Rather than having to recalculate point-data if a user clicks on the same location twice, I've modified his demo to make use of memoization to cache calculations that have been previously made.

Clicking on a single point once caches the calculations for it, whilst clicking on it a second time (try double-clicking) will load from the memoized cache instead. A simple logger will let you know whether the cache has been hit or not lower down in the demo.

Memoization Pros

The benefits memoization has to offer are reduced (overall) execution time and potential improvements to overall performance, depending on what you're trying to achieve. It's particularly useful where you've detected levels of recursion in your application (eg. you're repeating the same computations as part of a larger operation or you're making some of the same repeated XHR calls regularly).

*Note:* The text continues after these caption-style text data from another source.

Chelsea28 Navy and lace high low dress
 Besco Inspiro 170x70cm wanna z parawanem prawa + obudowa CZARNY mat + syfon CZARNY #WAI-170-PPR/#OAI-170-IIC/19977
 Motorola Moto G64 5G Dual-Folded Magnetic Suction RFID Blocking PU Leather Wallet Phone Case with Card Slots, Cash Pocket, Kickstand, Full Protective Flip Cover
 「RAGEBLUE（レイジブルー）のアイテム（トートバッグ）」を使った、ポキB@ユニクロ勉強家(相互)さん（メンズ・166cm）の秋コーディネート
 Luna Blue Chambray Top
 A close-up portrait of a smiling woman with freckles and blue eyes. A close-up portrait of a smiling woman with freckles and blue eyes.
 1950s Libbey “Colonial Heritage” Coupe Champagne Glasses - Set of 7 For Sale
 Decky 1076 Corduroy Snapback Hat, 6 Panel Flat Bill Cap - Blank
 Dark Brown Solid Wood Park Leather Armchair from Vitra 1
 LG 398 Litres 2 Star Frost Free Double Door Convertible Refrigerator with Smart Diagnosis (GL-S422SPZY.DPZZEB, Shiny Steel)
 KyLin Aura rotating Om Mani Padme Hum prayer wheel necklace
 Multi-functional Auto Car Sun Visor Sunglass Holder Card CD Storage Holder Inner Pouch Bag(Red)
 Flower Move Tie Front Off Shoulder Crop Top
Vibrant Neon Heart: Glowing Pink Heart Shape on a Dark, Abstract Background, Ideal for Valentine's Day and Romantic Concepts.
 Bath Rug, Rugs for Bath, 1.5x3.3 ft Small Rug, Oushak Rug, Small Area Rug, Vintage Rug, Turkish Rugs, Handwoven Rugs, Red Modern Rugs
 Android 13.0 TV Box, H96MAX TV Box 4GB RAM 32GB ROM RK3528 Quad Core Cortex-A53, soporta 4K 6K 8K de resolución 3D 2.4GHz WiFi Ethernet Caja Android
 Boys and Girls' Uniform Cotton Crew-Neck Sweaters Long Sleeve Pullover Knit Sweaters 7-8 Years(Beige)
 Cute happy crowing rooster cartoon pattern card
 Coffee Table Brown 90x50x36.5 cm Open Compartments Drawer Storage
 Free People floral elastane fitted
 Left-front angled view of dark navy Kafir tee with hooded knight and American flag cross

In general it works best when the result of passing a known set of parameters and values to a function will always result in the same value (eg. if the result returned by f(3,4) == f(3,4)). It can't however be applied to cases where f(3,4) != f(3,4). I've also personally found it quite helpful when working with recursive functions for drawing complex shapes (such as trees and fractals) to canvas, so it's utility does go beyond applications which may not be that visual or universally exciting.

Cons

With this in mind, memoization isn't appropriate if the method's output changes over time, is unlikely to be called again with the exact same set of parameters or is simplistic enough that there isn't much to be gained from using memoization as it comes with an overhead. A trivial, although silly, example of where memoization isn't appropriate is fetching stock market data as it regularly gets updated. Fetching a group of friends basic profile data however would make more sense with this technique as it's unlikely to change during a user's session.

Conclusions

Use of memoization generally needs to factor in what you're trying to do, the memory currently being consumed by recursive/iterative functions etc. You'll find that the more likely a task is to be repeated in your application, the greater potential memoization has for being of benefit. In closing, remember that memoization is both powerful, but also needs to be used carefully.

It can help cache the results of heavy queries quite well but this comes at the cost of of possibly storing large datasets (ie. you're trading speed for memory).